Progetto di servizio civile "INSIEME: per un nuovo modello di giustizia di comunità"
della Direzione Generale dell'esecuzione penale esterna e di messa alla prova del Dipartimento della giustizia minorile e di comunità del Ministero della Giustizia (formulato al fine di rispondere al bando per progetti di servizio civile nazionale per l'anno 2017 del Dipartimento della Gioventù e del Servizio Civile Nazionale della Presidenza del Consiglio dei Ministri). Progetto che di fatto costituirebbe la prima esperienza di impiego di volontari del servizio civile a livello nazionale nei servizi di probation. - estratto della partecipazione in partneriarato dell'Ente "Associazione Italiana Psicoterapia Cognitivo Comportamentale di Gruppo":
"… … ... L'ente "Associazione Italiana Psicoterapia Cognitivo Comportamentale di Gruppo" si impegna a fornire il seguente apporto al progetto:
La motivazione a partecipare al progetto nasce dalla volontà di rispondere in particolare a tre esigenze ben conosciute da chi opera in questo campo:
• Il bisogno di migliorare le attività connesse con l’indagine socio-familiare come prima conoscenza della persona che ha problemi di giustizia in modo da avere tutti gli elementi per la definizione del programma di trattamento su cui si articolerà la misura alternativa o il progetto di messa alla prova.
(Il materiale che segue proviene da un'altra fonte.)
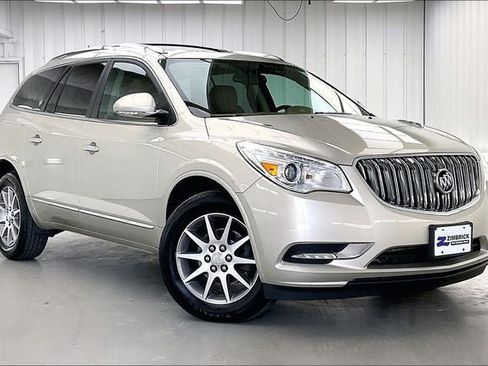 Used 2016 Buick Enclave Leather FWD image 1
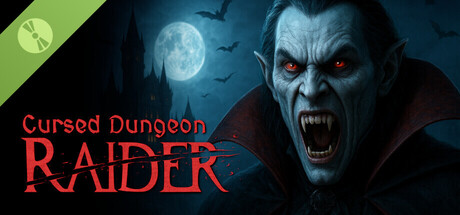 Cursed Dungeon Raider Demo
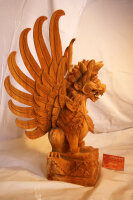 Singha Maske ca.50cm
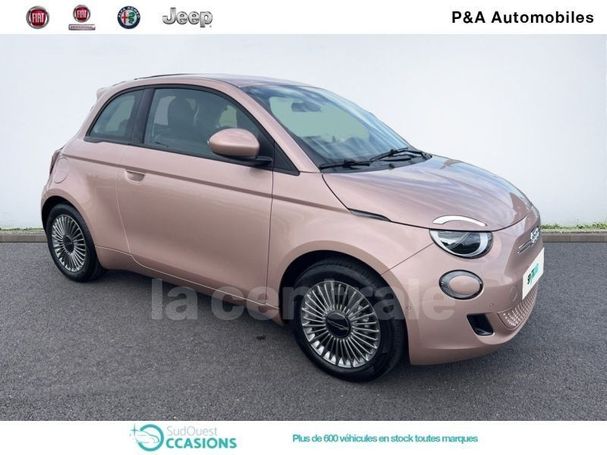 Fiat 500 e 70 kW image number 2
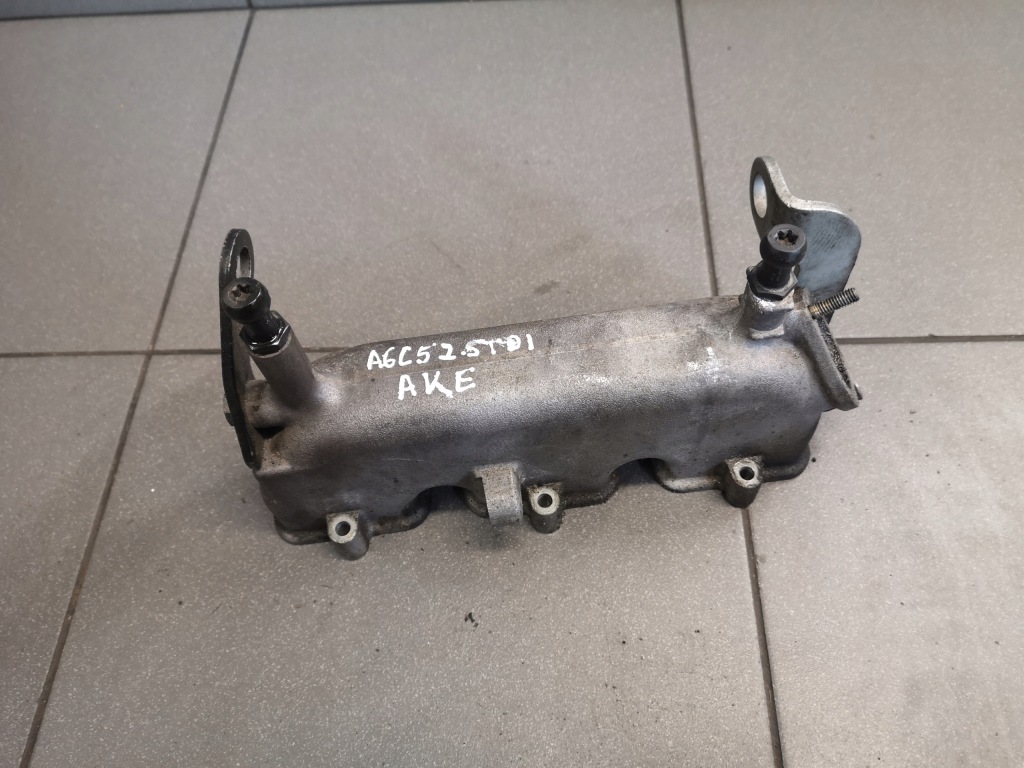 Колектор впускний  audi a6 c5 2.5 tdi ake 059129713q Ціна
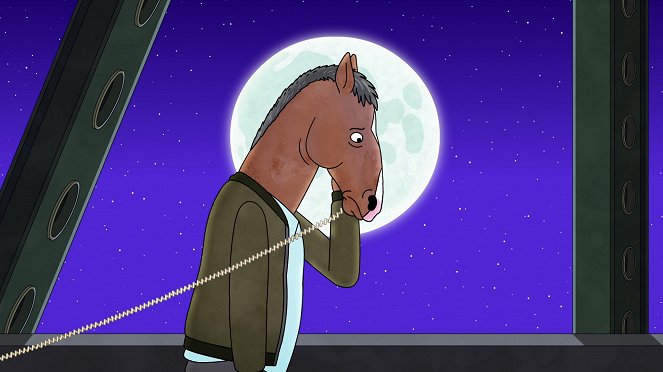 BoJack Horseman - The View from Halfway Down - Photos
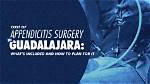 How Much Appendix Surgery Cost?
• Il bisogno di migliorare gli interventi di supporto per gli imputati in messa alla prova in modo da garantire il buon esito della misura di Comunità e diminuire la recidiva.
• Il bisogno di sperimentare le occasioni di “rinnovamento” del servizio connesse con la nuova misura della messa alla prova che consente l’estinzione del reato e la diminuzione delle persone detenute.
In Particolare, partendo dall’analisi dei bisogni rilevati e dalla capacità di risposta finora attivate, gli obiettivi generali del progetto saranno quindi:
• Formare gli operatori del Servizio Civile che parteciperanno al progetto.
• Migliorare le attività connesse con le indagini socio-familiari per l’accesso alla messa alla prova.
• Migliorare gli interventi di supporto per l’esecuzione della messa alla prova.
• Sviluppo ed evoluzione delle misure di comunità.
• Intervento di counseling psicologico e di psicoterapia (individuale e/o di gruppo) sulle vittime.
Ne consegue che i Beneficiari (destinatari dell'intervento) saranno, in particolare:
• I condannati
• I familiari dei condannati
• I familiari degli imputati
• Le vittime per il risarcimento del danno previsto dalla Messa alla prova
Gli Strumenti utilizzati a tal fine (da concordare con l'Ente promotrice) potranno essere:
• Test, questionari, schede di osservazione e monitoraggi, e altri Strumenti studiati all'uopo per monitorare la personalità ed il comportamento (specie emotivo e cognitivo) dei partecipanti alla "messa alla prova". Al fine di poter adeguatamente valutare l'andamento della messa alla prova e poter relazionare ai Magistrati responsabili del procedimento.
• Gruppi psicoterapeutici su: Ansia, Depressione, Problem Solving motivazionale, Assertività e Prosocialità.
• Gruppi di Supervisione per gli operatori del Servizio Civile che parteciperanno al progetto.
I professionisti coinvolti saranno Soci dell'Associazione iscritti all'Elenco degli Psicoterapeuti di Gruppo Cognitivo Comportamentale. Si tratta di psicoterapeuti con esperienza specifica di intervento sui Gruppi iscritti al rispettivo Ordine di appartenenza (Ordine degli Psicologi o Ordine dei Medici Chirurghi) abilitati all'esercizio della psicoterapia.